Chief Information Officers (CIOs) gather to discuss job automation at the latest CIOMajlis

Jun 20, 2018

CIOMajlis hosted its first roundtable after Ramadan on Wednesday, 27th of June. This month’s discussion, led by prominent global management consulting firm, McKinsey and Company, highlighted job automation in the Middle East.

Conducted every month, CIOMajlis is a Smartworld initiative that gathers Chief Information Officers from around the UAE and invites them to discuss current technology-related trends and issues in a frank and forthright manner.

With the UAE rapidly accelerating towards a smarter future, job automation has been a topic of great debate. The UAE is currently one of the top five countries in the Middle East with the highest technical automation potential. Neighboring countries in the GCC, like in Bahrain and Kuwait, exhibit a similar affinity for artificial intelligence and automation, with the projected adoption of automation by 2030 being higher than the projected global average of 32 percent.

With over 20 million professionals in the Middle East, 40 to 45 percent can potentially be automated given the presently available digital tools and resources. McKinsey and Company projects this figure to reach 55 to 60 percent by 2030.

Upon analyzing the most popular industries in the UAE, the firm discovered that manufacturing, transportation, and retail are most likely to be automated in the near future. Individuals with a low-to-medium level of education stand at the greatest risk of being adversely impacted by this change. McKinsey has summed this population up into a figure – 57 percent being the individuals with a high school education or less suspected to be negatively impacted by job automation. This figure drops by half to 22 percent, for employees with a bachelor’s or higher degree of education.
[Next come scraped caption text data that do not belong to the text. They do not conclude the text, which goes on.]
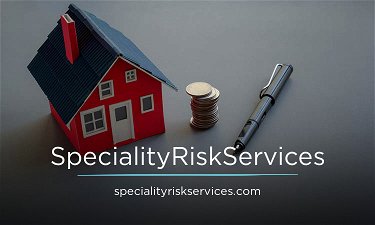 SpecialityRiskServices.com - Creative brandable domain for sale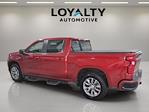 2021 Chevrolet Silverado 1500 Crew Cab 4WD Pickup for sale #C6452441 - photo 2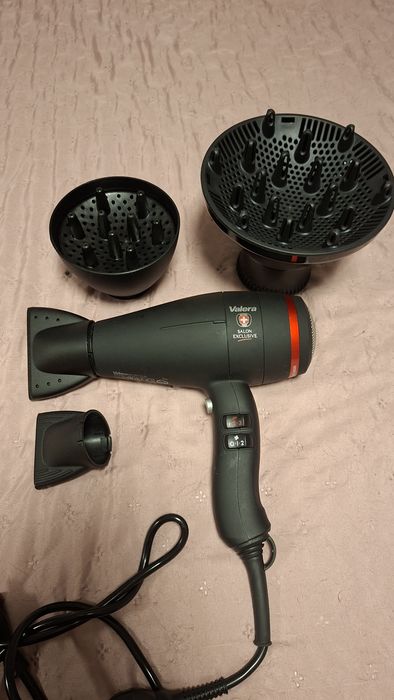 Сешоар Valera master pro 3.2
Other individuals predicted to be displaced by job automation in the Middle East are expat works, specifically in the administration, government, manufacturing, and construction industries. Given the technological nature of job automation, expats in more human-centric professions arts, entertainment, recreation, healthcare, and education will experience a slower and indirect wave of displacement.

While an increase in unemployment is always a concern associated with job automation, this technological leap is predicted to positively contribute to the evolving gig economy, create a host of tech-augmented jobs, and introduce a shift from basic skills to those that require higher cognition. Governments and economic leaders will also have to face the unique task of aiding the economy’s growth by combining the strengths of human capital and artificial intelligence.

“In all six Middle Eastern countries examined, 366.6 billion USD in wage income and 20.8 million full-time employees are associated with activities that are already automatable today”, a report by McKinsey and Company estimates.

When left to open debate, the CIOs presented polar opinions ranging from an increased risk of cyber-attacks and digital corruption to a more optimistic view of a four day work week becoming the new reality, with the help of automated assistance.

A McKinsey and Company representative stressed the importance of business agility. Job automation is one of the first steps involved in the digital transformations of companies around the world. In order to modernize themselves and keep up with the likes of Germany and China, a proactive approach to automation is crucial.